The values \(\zeta(-k)\) of the Riemann zeta-function \(\zeta\) at negative integers \(-k\) are known to be rational, from Euler. Furthermore, for any fixed prime number \(p\), the numbers \(\zeta_a^{(p)} (-k) = (1-a^{k+i})(1-p^k)\zeta(-k)\) are \(p\)-integral for all integers \(k\geq 0\) and integers \(a\) prime to \(p\) and satisfy the congruence conditions:
\[ \sum c_r \zeta_a^{(p)}(-r)\equiv 0 \pmod{p^N}, \] whenever \(\sum c_rx^r \equiv 0\pmod{p^N}\), for every \(p\)-adic unit \(x\) and integers \(c_r\). The totality of these Kummer congruences (for \(m\geq 1\)gives rise to a measure \(\mu_a\), on the group \(\mathbb Z_p^\times\) of \(p\)-adic units (with values in the ring \(\mathbb Z_p\) of \(p\)-adic integers) such that for all integers \(k\geq 0\)

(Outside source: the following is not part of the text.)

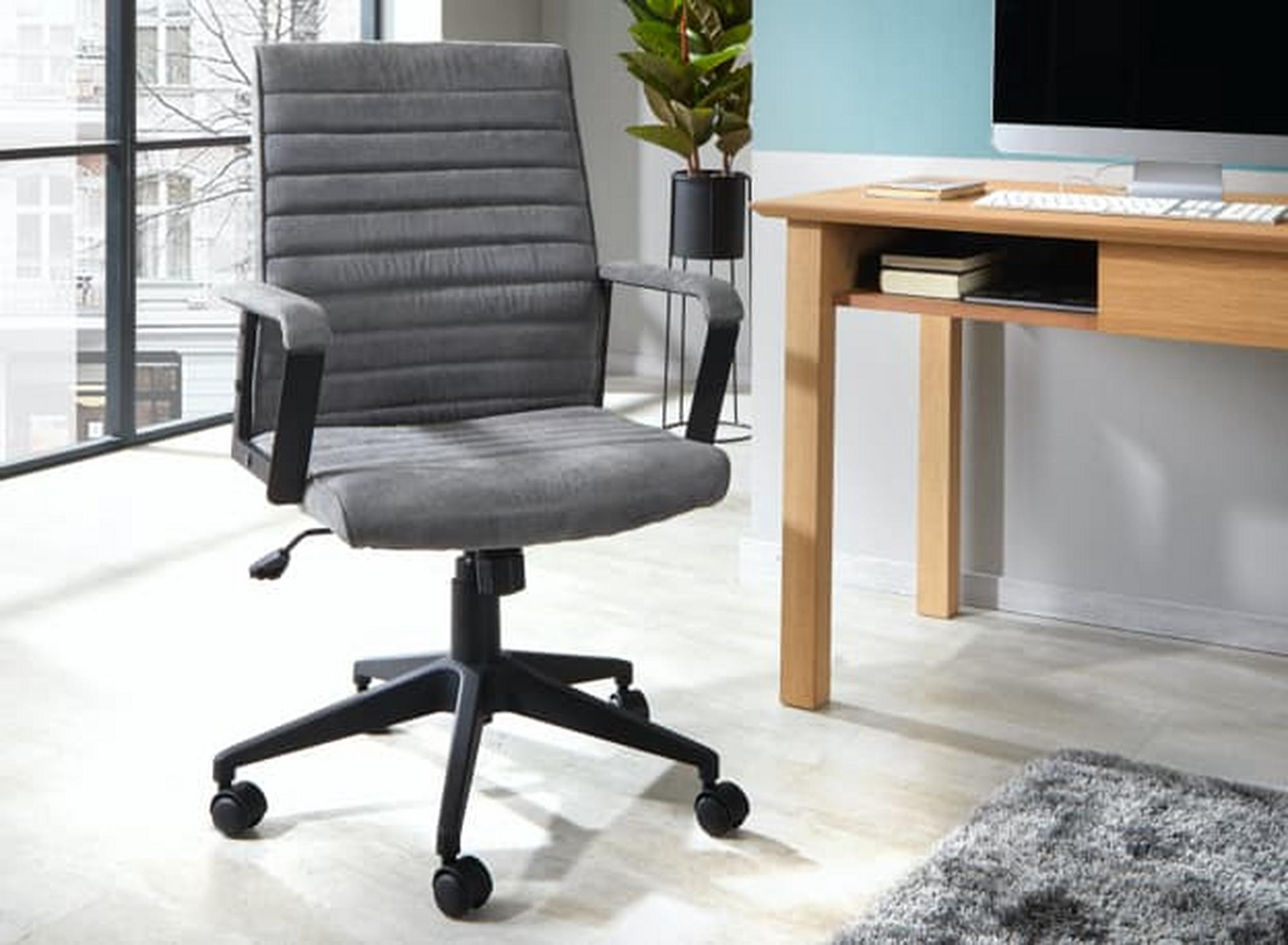 Ordnung im Homeoffice möbelix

\[ \int_{\mathbb Z_p^\times} x^k\,d\mu_a = (1-a^{k+i})(1-p^k) \zeta(-k). \]
The corresponding rationality results for values of the Dedekind zeta-function and \(L\)-series for totally real algebraic number fields \(K\) were established by Siegel and Klingen. The analogues by way of the Kummer congruences and the measure \(\mu_a\) are due to Coates-Sinnott for quadratic \(K\) and to Deligne-Ribet for any (totally real) \(K\). If \(K\) is not totally real, the values of the \(L\)-series at negative integers are \(0\) (under the influence of \(\Gamma\)-factors in their functional equation!). One may, however, investigate the values at \(0\) of Hecke \(L\)-series for grössencharacters of type \(A_0\) (in the sense of Weil).

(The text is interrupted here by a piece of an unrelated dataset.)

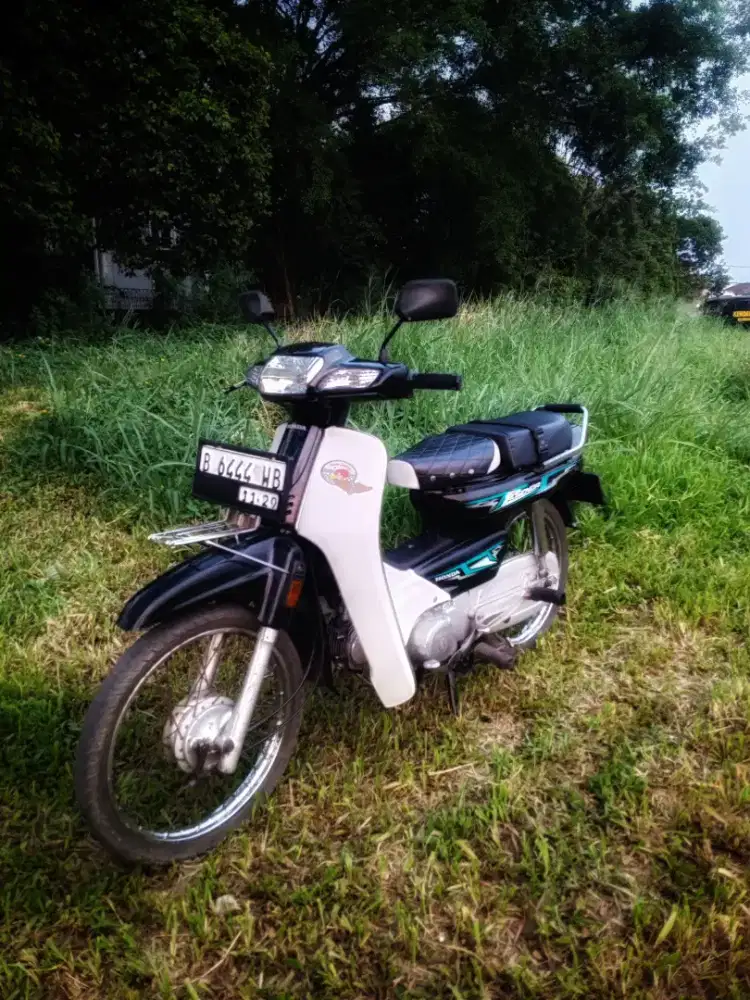 ASTREA LEGENDA 2001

If \(L\) is a totally complex quadratic extension of a totally real field \(K\) and \(\chi\), a grössencharacter of type \(A_0\) with a power of \(p\) as conductor (viewing \(\chi\) as a \(p\)-adic character of \(G=\text{Gal}(L(p^\infty)/L)\), where \(L(p^\infty)\) is maximal abelian and unramified outside \(p\) over \(L\)), the author constructs (under suitable conditions) a \(p\)-adic measure \(\mu\) on \(G\) such that the Mellin transform \(L_\mu(\chi)\) is closely related to the value \(L(0,\chi)\) at \(0\) of the \(L\)-series associated with \(L\) and \(chi\) (and provides a \(p\)-adic interpolation of the Hecke \(L\)-function); a functional equation for the \(p\)-adic function \(L_\mu\), compatible with the usual functional equation for Hecke \(L\)-series with grössencharacter is also obtained.
[The case when the CM-field \(L\) is of degree 2 over \(\mathbb Q\) was treated by the author earlier in Ann. Math. (2) 104, 459–571 (1976; Zbl 0354.14007), using the abundant information specially available in this case when the abelian varieties are just elliptic curves].

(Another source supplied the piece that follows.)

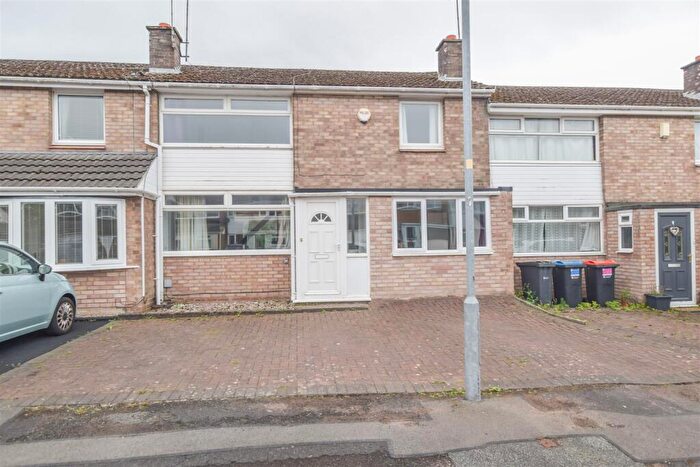 4 Bedroom Terraced House To Rent In Meadow Close, Neston, Cheshire, CH64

The construction is based on the fact that the complex numbers \(L(0, \chi)\) are finite sums of values of (non-analytic) Eisenstein series for (congruence) subgroups of the Hilbert modular group (over \(K\)) at points corresponding to abelian varieties admitting \(L\) for their complex multiplications. An application of suitably defined \(p\)-adic differential operators to holomorphic Eisenstein series yields \(p\)-adic Eisenstein series whose values have good interpolation properties.